Regardless of whether you are in the office or working from home, if you are performing duties for the benefit of your employer, you are entitled to compensation for all of your hours worked. For example, if your boss asks you to do certain tasks before your shift begins, during a break period, at the end of your shift, or from home at night or on weekends, this is compensable working time under the FLSA. If your employer is not properly tracking all of your actual work time, you may be owed additional wages.
Being given a “bonus,” or cash, for overtime hours instead of time and one-half wages.
Under the FLSA, most employees are entitled to be paid time and one-half wages for every hour worked over 40 hours in a single work week. This is also true even if your boss gives you a “bonus,” or pays you straight-time at your regular hourly rate—and tells you that cash is acceptable consideration for the overtime hours you worked. Importantly, under the FLSA, a private agreement made by an employer with an employee to avoid paying time and one-half wages for all hours worked over 40 is generally unenforceable.
Independent contractors typically work on a contract basis for other businesses and are often individuals are who self-employed. However, merely because an employer labels you as an “independent contractor” does not change the reality that under the law, you are an employee entitled to overtime compensation.
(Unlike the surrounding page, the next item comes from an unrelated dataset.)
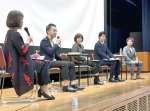 家庭と仕事の両立について意見を交わすパネリストら＝鹿児島県庁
The key factors to consider in determining the economic realities of whether you are really an employee frequently include: (1) the nature and degree of the employer’s control of the manner in which work is performed; (2) the employee’s opportunity for profit or loss from the performance of the work; (3) whether an employee purchases and provides the equipment, materials, and supplies necessary to carry out the work—or hires other workers to carry out the work; (4) whether the services require a specialized skill; (5) the degree of permanency and duration of the working relationship; and (6) the extent to which the worker’s services are an integral part of the employer’s business. If you believe you were misclassified as an ‘independent contractor,” contact us for a free evaluation to determine if you may be entitled to overtime pay.
While there are exemptions to the FLSA’s overtime provisions in some instances, just because you are paid either entirely or partially through commissions does not mean you are excluded from recovering overtime compensation. The FLSA’s retail, or commission, sales exemption has a number of technical requirements that employers frequently cannot meet because of the complexity of the law, including for example, whether more than Fifty percent (50%) of an employee’s total compensation for a representative period comes from commissions and whether the employee’s regular rate of pay is greater than time and one-half of the minimum wage—meaning that your effective hourly rate when calculated is more than $10.88/hour—for every hour worked in any week in which overtime hours are worked.
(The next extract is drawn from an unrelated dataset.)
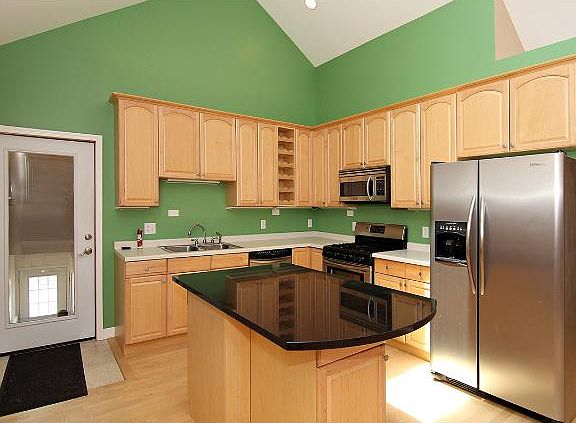 4th image of 2412 Harriet Ave APT 202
If you work in completing installations, on construction projects, or in any other field where you are paid on a piece rate basis, the nature of your work typically doesn’t change your entitlement to additional compensation for your overtime hours. Rather, because the manner in which you are compensated does not, alone, determine your eligibility for overtime, you may be entitled to recover additional compensation for the work you performed.
Instead of paying overtime wages, some employers give workers “comp time”—or hours that can be used toward vacation or other time off—in lieu of paying time and one-half wages for hours worked in excess of 40 hours per week. Private employers may not substitute “comp time” for overtime pay when an employee works more than 40 hours in a week.